This is good news for an industrial society, but very bad news for a post industrial one like you are describing. Industrialization requires a population of people who can all think alike, and follow orders, and always do things by the book. Variance on a production line is a very bad thing, and the current model of education is aimed at eliminating variance. However, once most basic needs are meet through automation, having workers with standardized behavior is a TERRABLE idea. Once all of the basic and repetitive jobs are meet you need to come up with more and more complex and niche jobs that can not just be automated away. To create enough of these jobs to meet the needs of your population, you need to diversify your thinking.

What It would look like if society adapts

As the number of jobs plummets, the need for a more diversified education system emerges. The best way to meet this need is to go back to a 1 working parent model. Currently, the work force is too large, and standardized education is inhibiting society from being adaptable. To solve this, a large numbers of parents will need leave the work force and stay at home to homeschool their kids. The advantage of home schooling is that each student has a lot more say in what direction their education will go in. Industrial education looks at what a student is worst at and focuses on bringing that up so that they can continue to teach you in parallel with your peers, but individualized education looks at what a student is best at and pushes that skill to its extreme. So instead of a population of roughly equivalent jack-of-all-trades, you get a population of exceptional specialists. These specialists will be able to create and fill niches that technology either can not automate, is not worth automating, or can not automate as well.

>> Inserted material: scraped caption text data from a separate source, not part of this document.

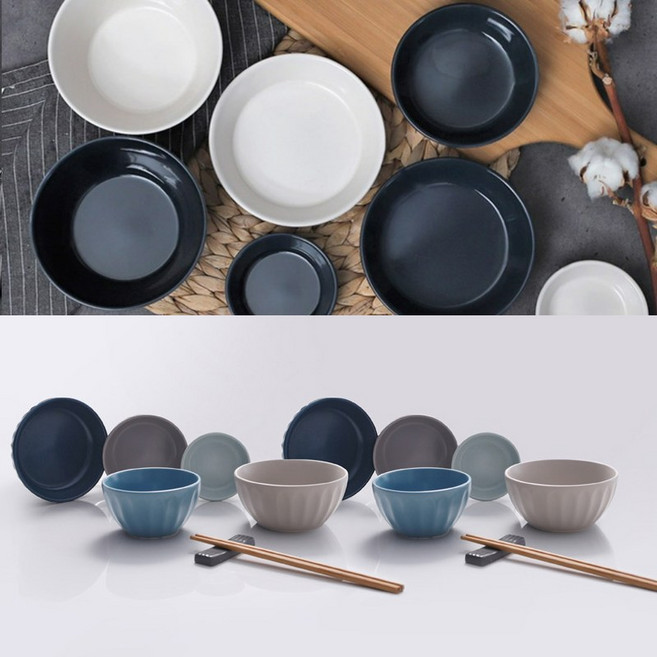 크라운포드 4인 식기 세트 셀렘 14P+엠버드 14P 도자기 그릇 세트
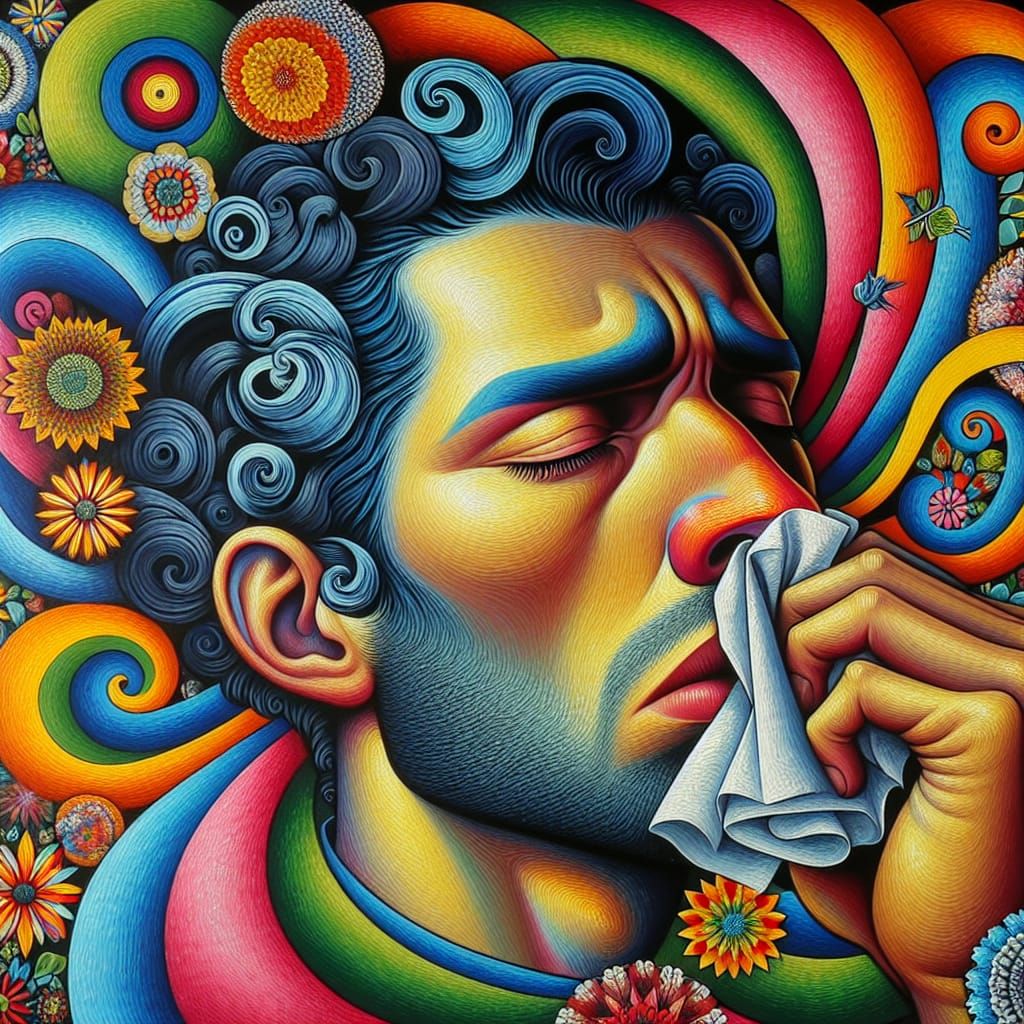 Man Sneezing Amidst Swirling Flowers Illustration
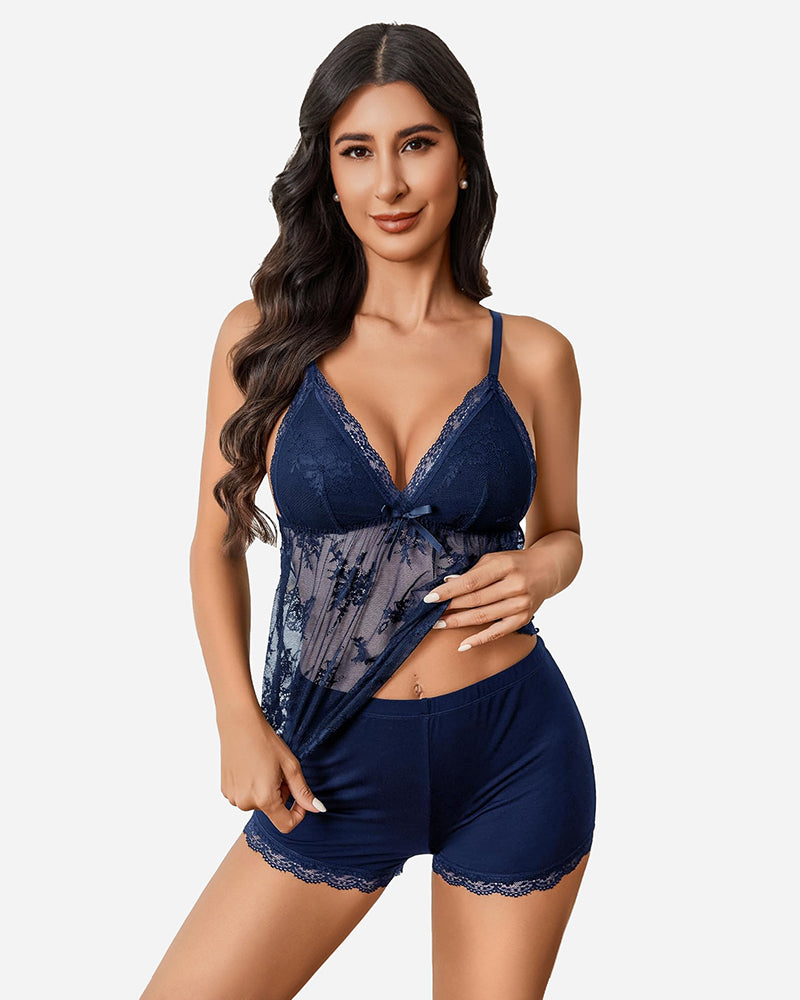 Two-piece pajama set in navy: lace-trim camisole and matching shorts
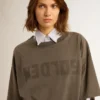 Damska szara sukienka typu T-shirt z efektem postarzenia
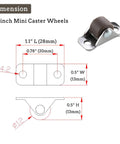 Mini Fixed Caster Wheels 0.5 Inch Low Profile Rubber Set Of 8 Self Adhesive Plate Caster Wheels dimensions and diagram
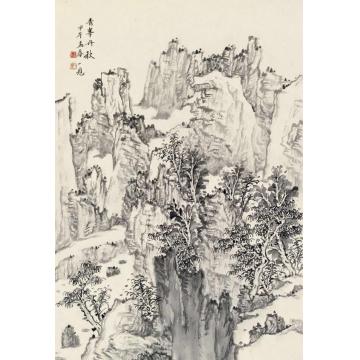 潘一见国画山水青风丹秋字画之家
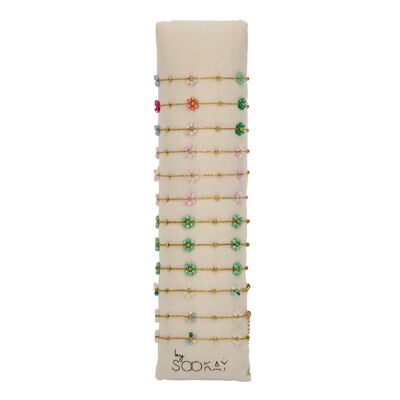bracelets thème fleurs en acier inoxydable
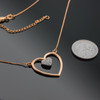 14K Rose Gold Open Heart Diamond Pave Heart Enclosure Necklace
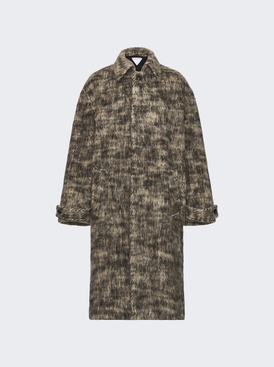 Brushed Melange Wool Coat Beige And Black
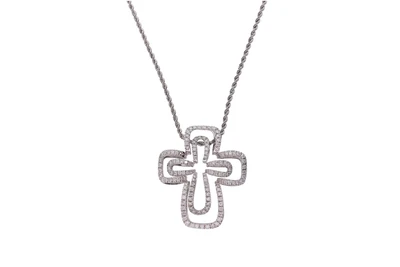 Collana e pendente a forma di croce scomponibile con diamanti - Asta Preziosi Collana e pendente a forma di croce scomponibile con diamanti - Asta Preziosi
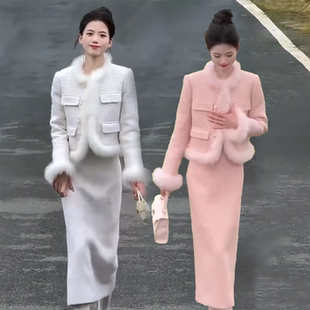 洋气毛边外套半身裙 时尚 减龄甜美夹棉保暖小香风套装 女2025冬新款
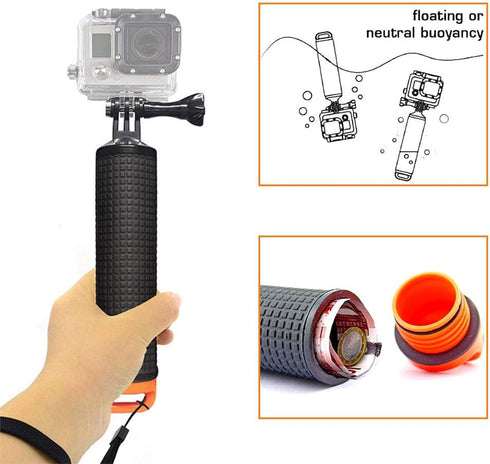 Waterproof Floating Hand Grip for GoPro Hero Session Black Silver Hero 10 9 8 7 6 5 4 3 3+ 2 1 SJ4000 SJ5000 Action Cameras with Camera Float Stra...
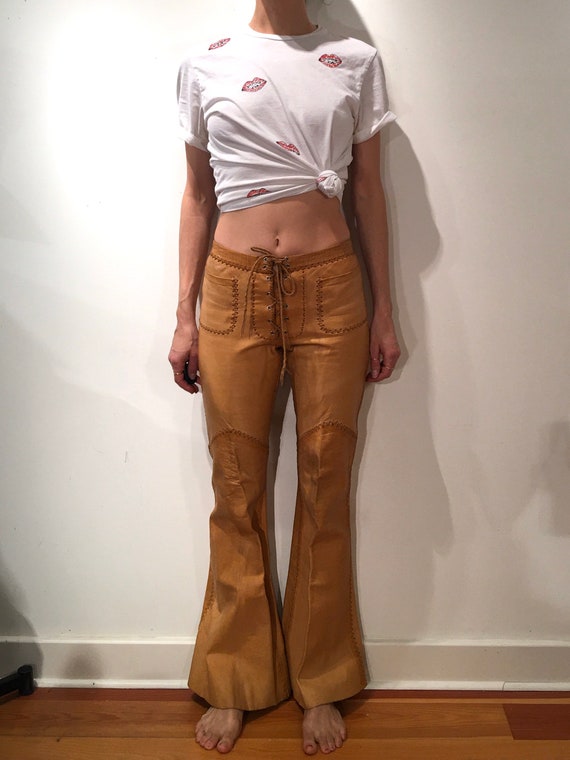 70s Lace Up Leather Rock N Roll Bell Bottoms North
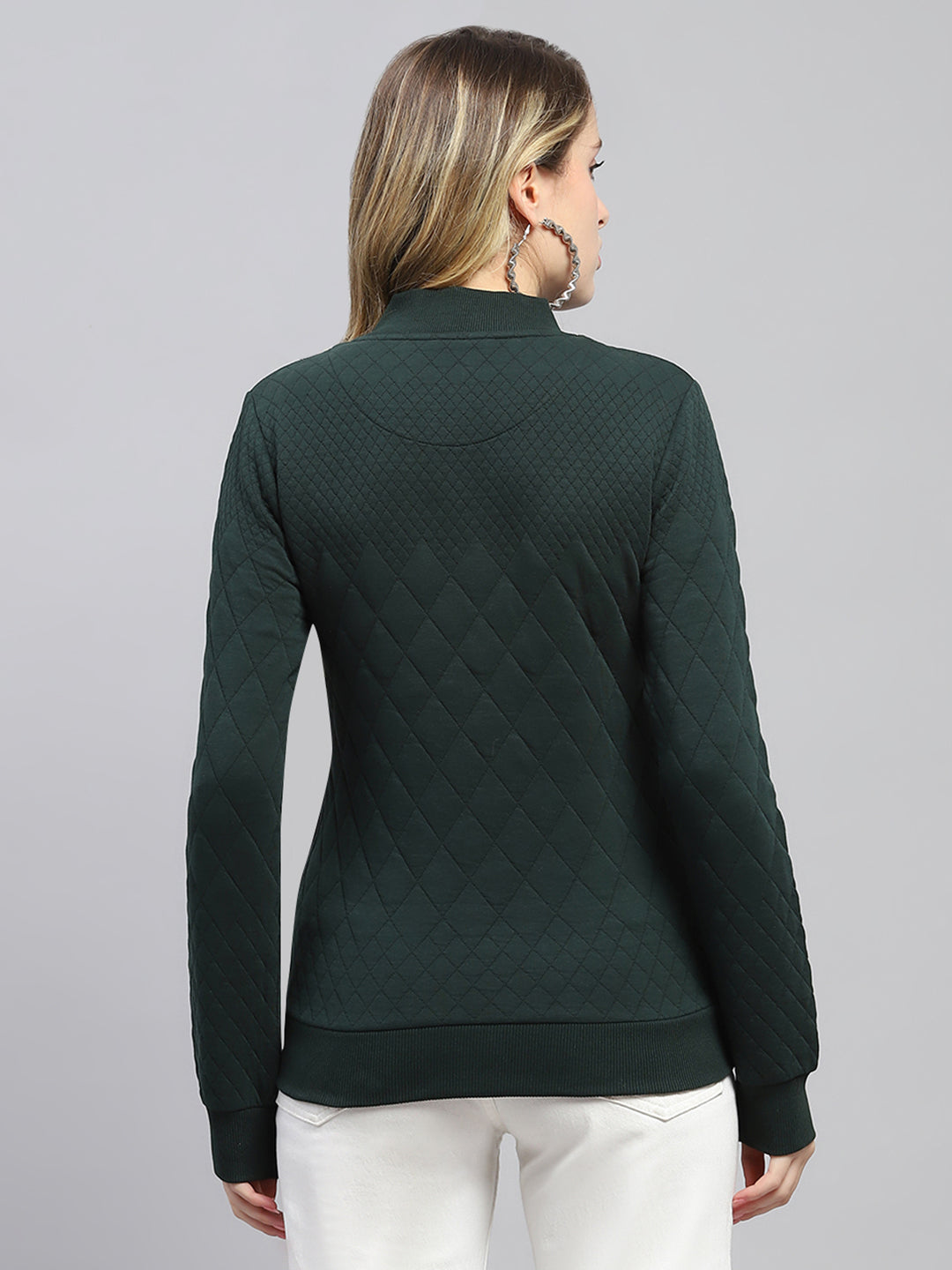 Women Green Self Design Mock Neck Full Sleeve Sweatshirt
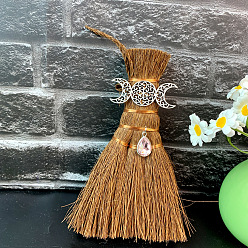 Moon Wood Wicca Broom Car Hanging Decoration, with Alloy Decoration and Teardrop Glass Charm, Moon, 140x90mm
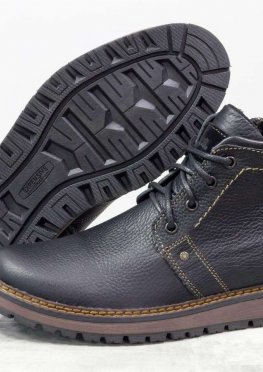 Зимние классические мужские ботинки из натуральной кожи флотар черного цвета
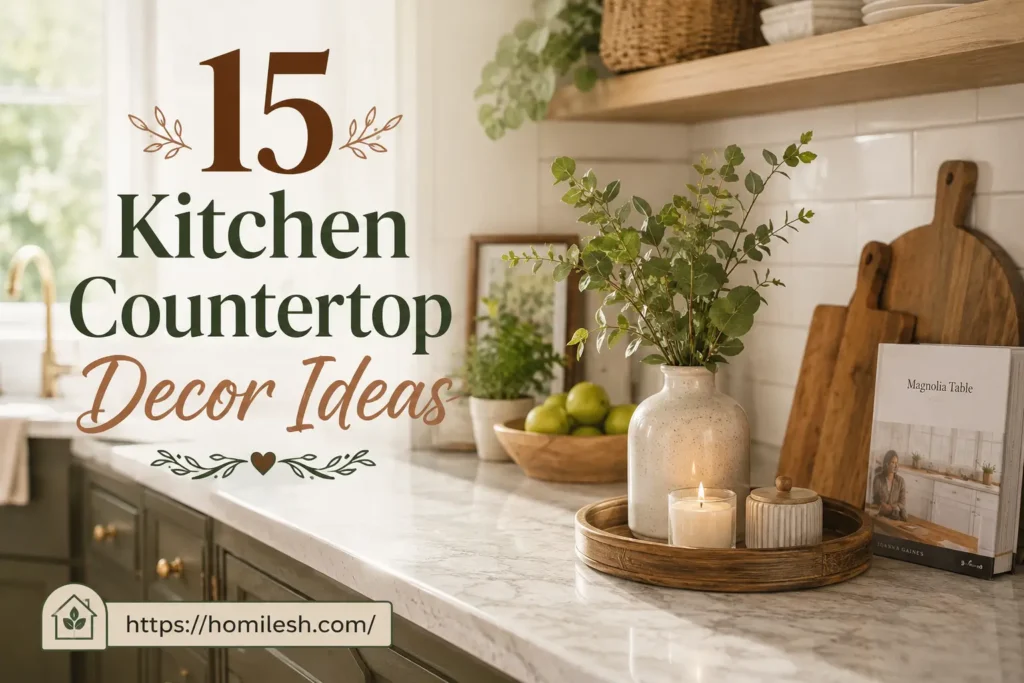 Kitchen countertop decor ideas showing styled tray, ceramic canisters, and small plant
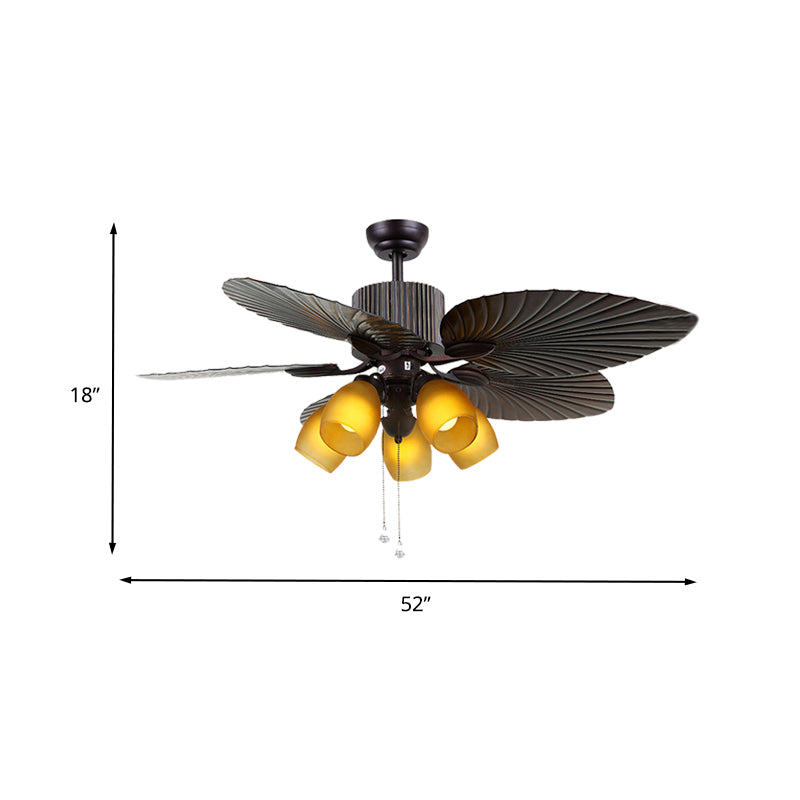 Yellow Glass Oval Semi Flush Lighting Traditional 5 Bulbs Living Room Ceiling Fan Lamp in Dark Brown with 5 Cattail Leaf Vanes, 52" W Clearhalo 'Ceiling Fans with Lights' 'Ceiling Fans' Lighting' 407042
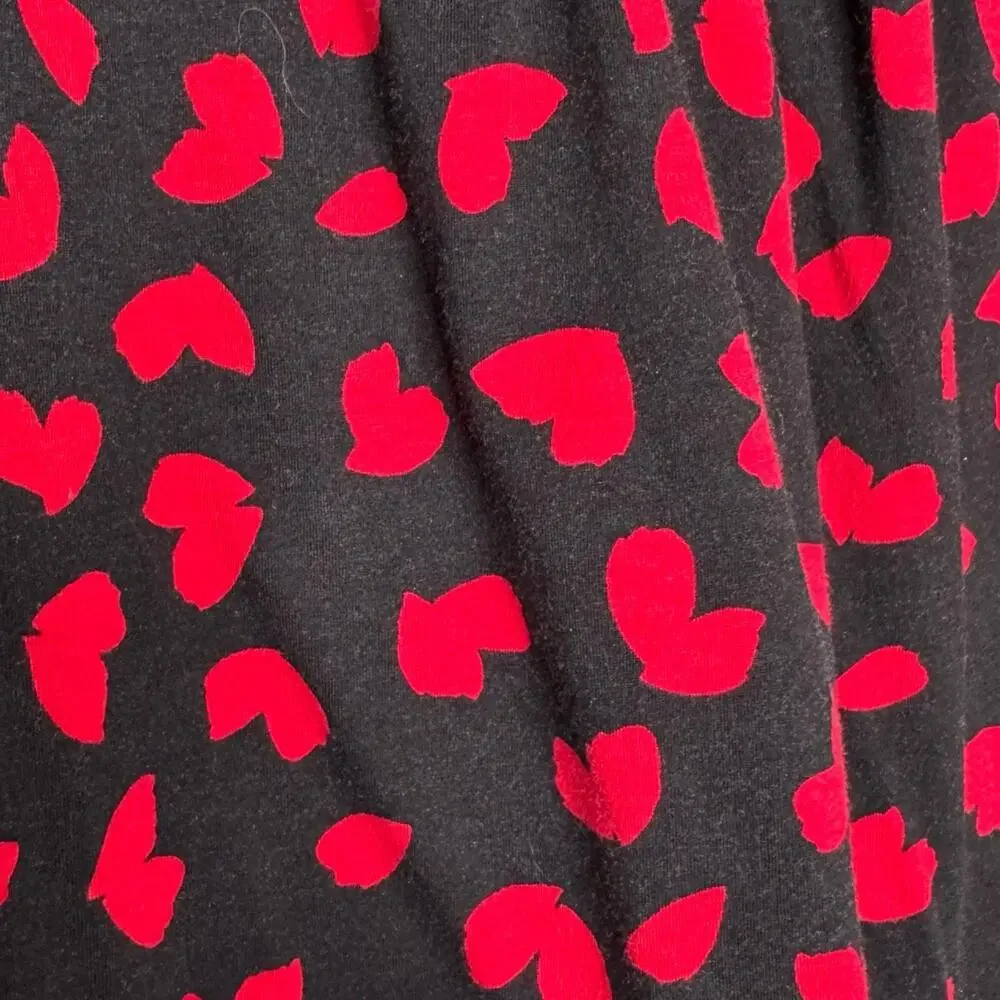 MICHAEL KORS Red Hearts and Bell Sleeves Black Top Size Medium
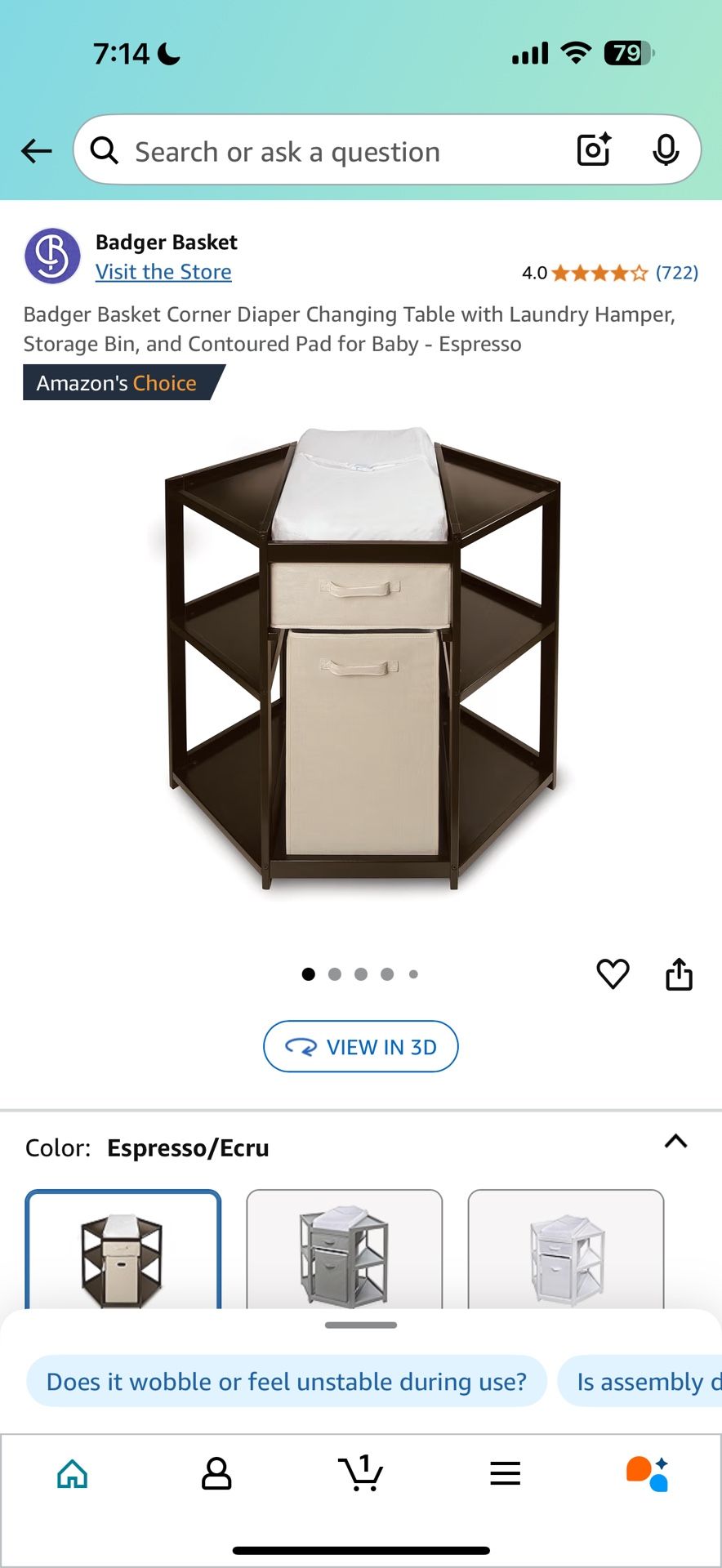 Corner Baby Changing Table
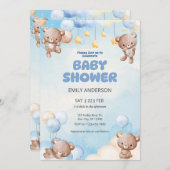 Cute Teddy Bear Twinkle Little Star Einladung (Vorne/Hinten)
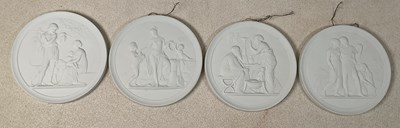 Lot 301 - ROYAL COPENHAGEN; four circular Parian ware...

Instead of working at the local mega-mart's deli selling the same few meats and cheeses day in and day out, you might spend years studying the art of Charcuterie uniquely qualifying you for identifying the exact blend of meat and cheeses that would suit each of your client's pallets, or instead of working a factory line making cellphone cases by the millions, maybe you've spent years developing software that allows you to photograph people and 3-d print their faces as custom cell phone cases... so on and so forth...

What's more is that specialists need outside consultants more often than generalists. A writer with no background in math is more likely to hire an accountant, a technician with no background in formal writing is more likely to hire a writer, and an accountant with no background in office software is more likely to hire a technician. In this way, specialization not only creates more odd jobs, but it creates more need for people to hire one another to fill odd jobs.

What happens if your society continues to standardize behavior

Your job market and wages will continue to shrink. Work becomes so cheap that everyone needs 3 or 4 jobs per household just to make ends meet, but in many cases there are not enough job openings to have anything at all. People will lack the self-motivation to start new businesses, and most of the new businesses will fail because entrepreneurs will lack the creativity to do stuff that is not already being done more efficiently by mega corporations. Because your people will become unable to take care of themselves they will turn to governments to provide more and more socialist programs to support them. Because they are forced to transition to socialism under duress, this means the government has tons of bargaining power over its people. This leads to people giving up thier basic human rights in exchange for food and shelter. If your are lucky, you end up with a dystopian socialist government... if you are unlucky, the economy will collapse faster than socialist programs can shore it up resulting in all those mega corporations that destroyed all the jobs going belly up leaving you with neither jobs, nor production resulting in a massive famine and lots of people dying.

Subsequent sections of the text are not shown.